Nahuálin’s voice cracked with barely controlled panic as he called into his communication system, “Conductor, we need the Pull Back. Now.”
The voice crackled with static. “Steady yourselves. He’s holding on, trying to prevent — wait.”
Through the cosmic jellyfish’s translucent mouth, the Omringle HSB could see their destination: a crater on the moon that looked suspiciously like a wink.
But something was wrong. The orange track that should have been laying itself down flickered and sparked.

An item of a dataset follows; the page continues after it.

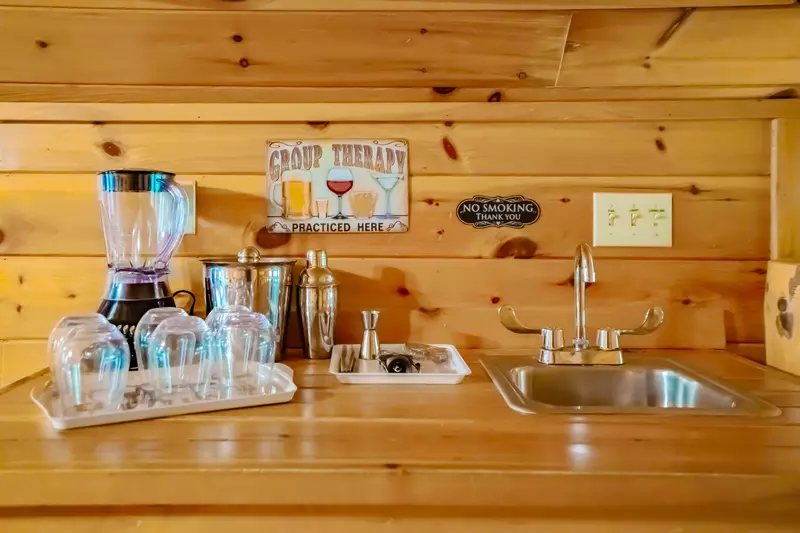 Forest View Hideaway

Conductor’s voice cut in and out. “The guidance system is compromised.”
Through her blue eye, Carli saw why the guidance system was failing. Dark tendrils wrapped around the track like parasitic vines, corrupting its light and causing sections to crumble into void. Rectangular impressions appeared in the failing track — metal footprints that left dead zones wherever they touched.
“Something’s interfering with the trajectory,” Conductor’s voice crackled through heavy static. “Someone’s . . . attacking . . . guidance . . .”

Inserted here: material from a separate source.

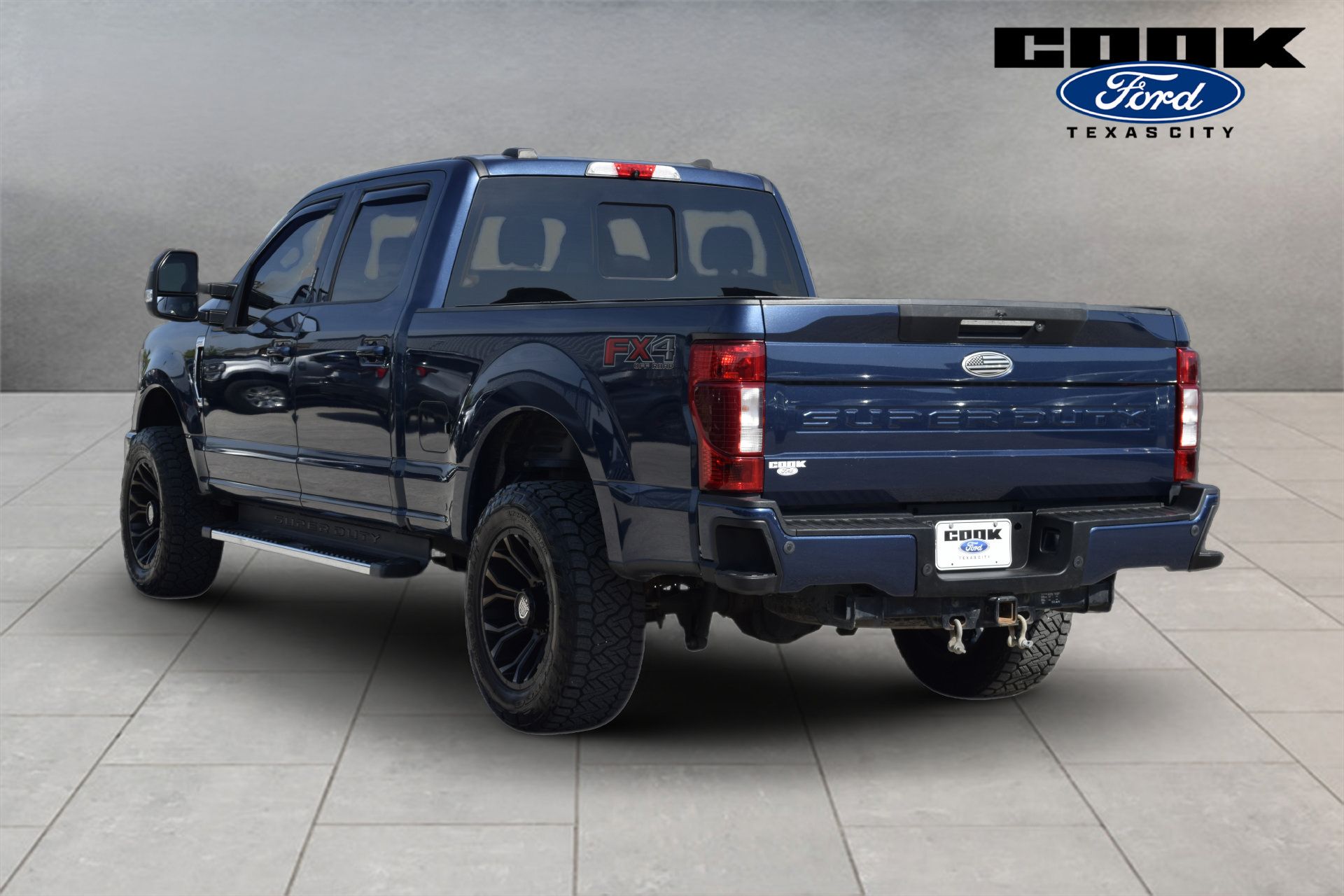 Used 2020 Ford F250 Lariat w/ Lariat Ultimate Package AWD/4WD image 4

The wet, hungry sniffing sound echoed through the bus again. Closer now. Through the static came a smooth voice like grinding metal: “No escape this time, little bridge-walker. I have found the domain between where you are and where you are to go.”

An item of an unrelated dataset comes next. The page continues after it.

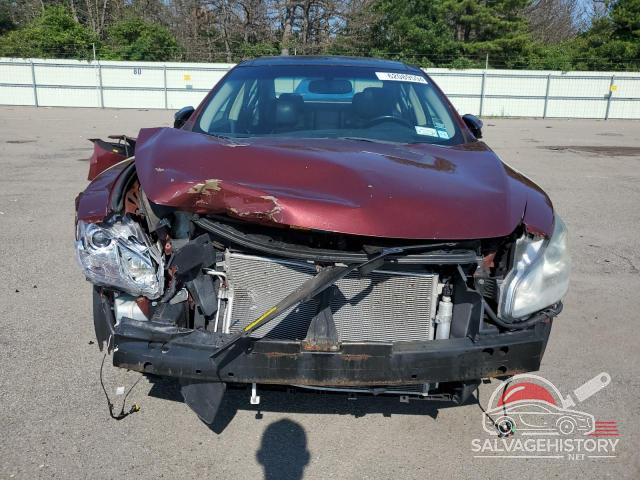 1N4AA5AP5BC848750 2011 NISSAN MAXIMA photo no. 5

Nahuálin’s hands flew over controls that sparked and smoked. “He’s corrupting the very paths we travel,” he said grimly. “Trying to force us into his realm.”
Horror flooded Carli’s veins when she saw the truth through her blue eye. As if dark metal feet trying to pound their way through the roof wasn’t enough, she saw dark hands reach towards the plummeting bus from the moon’s surface, fingers spread wide. Something was actively trying to prevent their landing. Through her brown eye, she saw the moon crater grow larger as they approached at impossible speed, dodging the hands.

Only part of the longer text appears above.